• **Required work**: Return all the data verbatim but without images.

• **Provided material**:
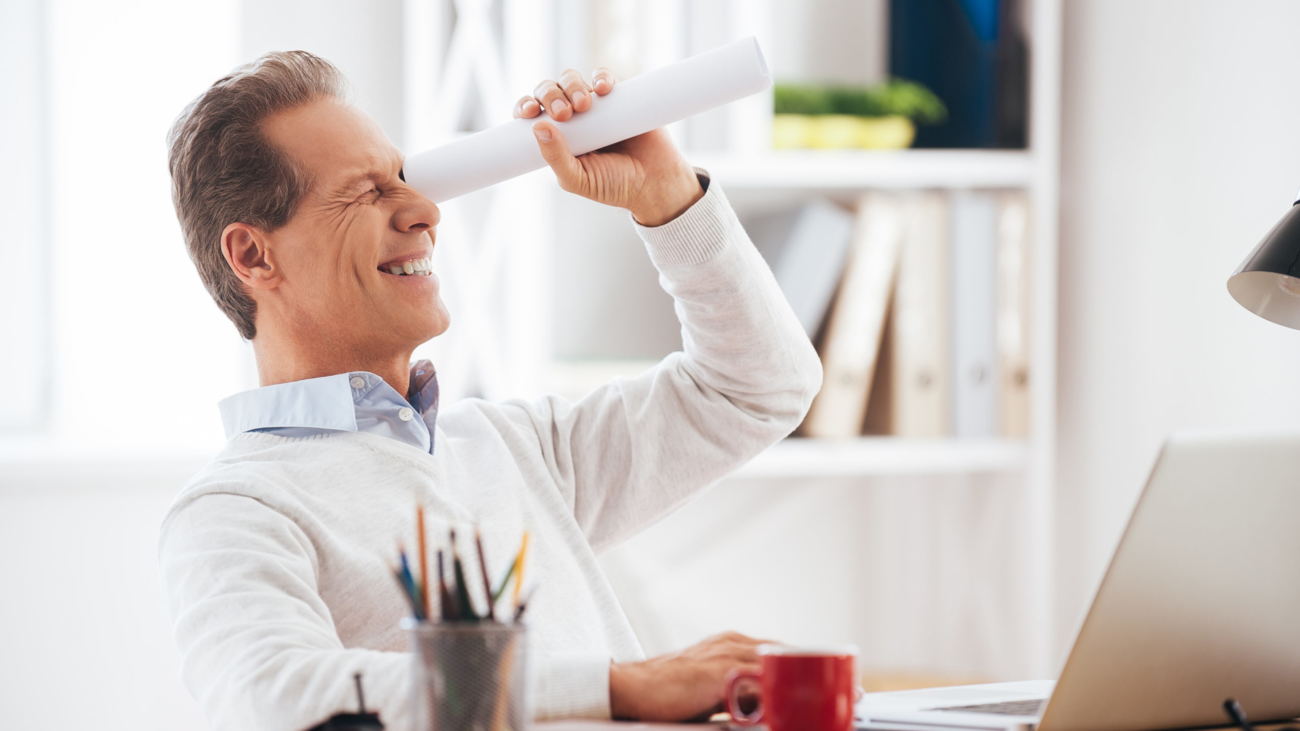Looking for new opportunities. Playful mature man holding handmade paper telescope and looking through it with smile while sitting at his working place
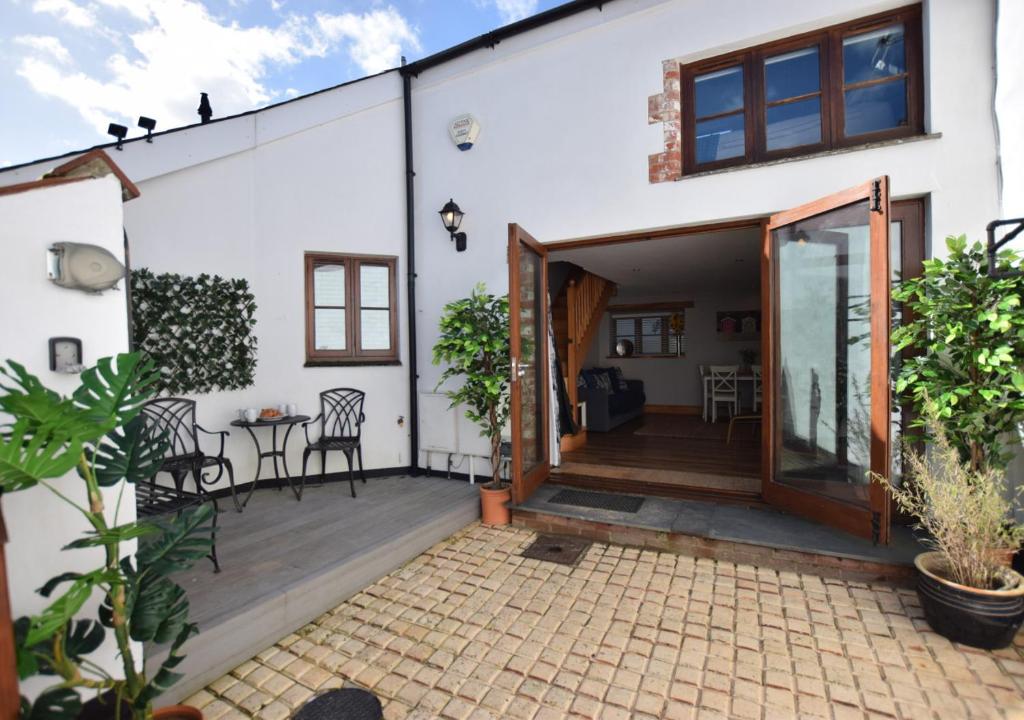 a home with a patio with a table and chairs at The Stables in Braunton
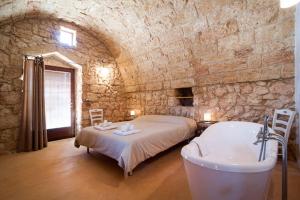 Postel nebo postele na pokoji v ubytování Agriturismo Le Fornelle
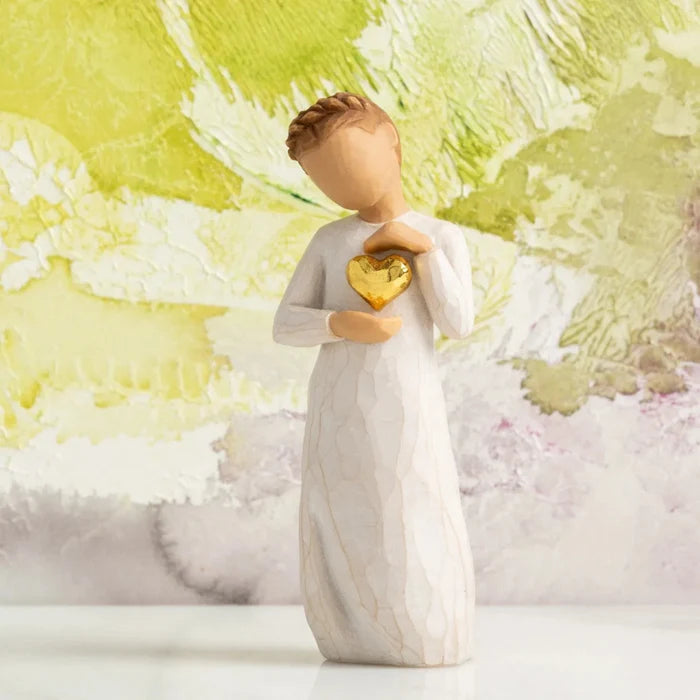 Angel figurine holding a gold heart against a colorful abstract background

• **Solution**:
Looking for new opportunities. Playful mature man holding handmade paper telescope and looking through it with smile while sitting at his working place
 a home with a patio with a table and chairs at The Stables in Braunton
 Postel nebo postele na pokoji v ubytování Agriturismo Le Fornelle
 Angel figurine holding a gold heart against a colorful abstract background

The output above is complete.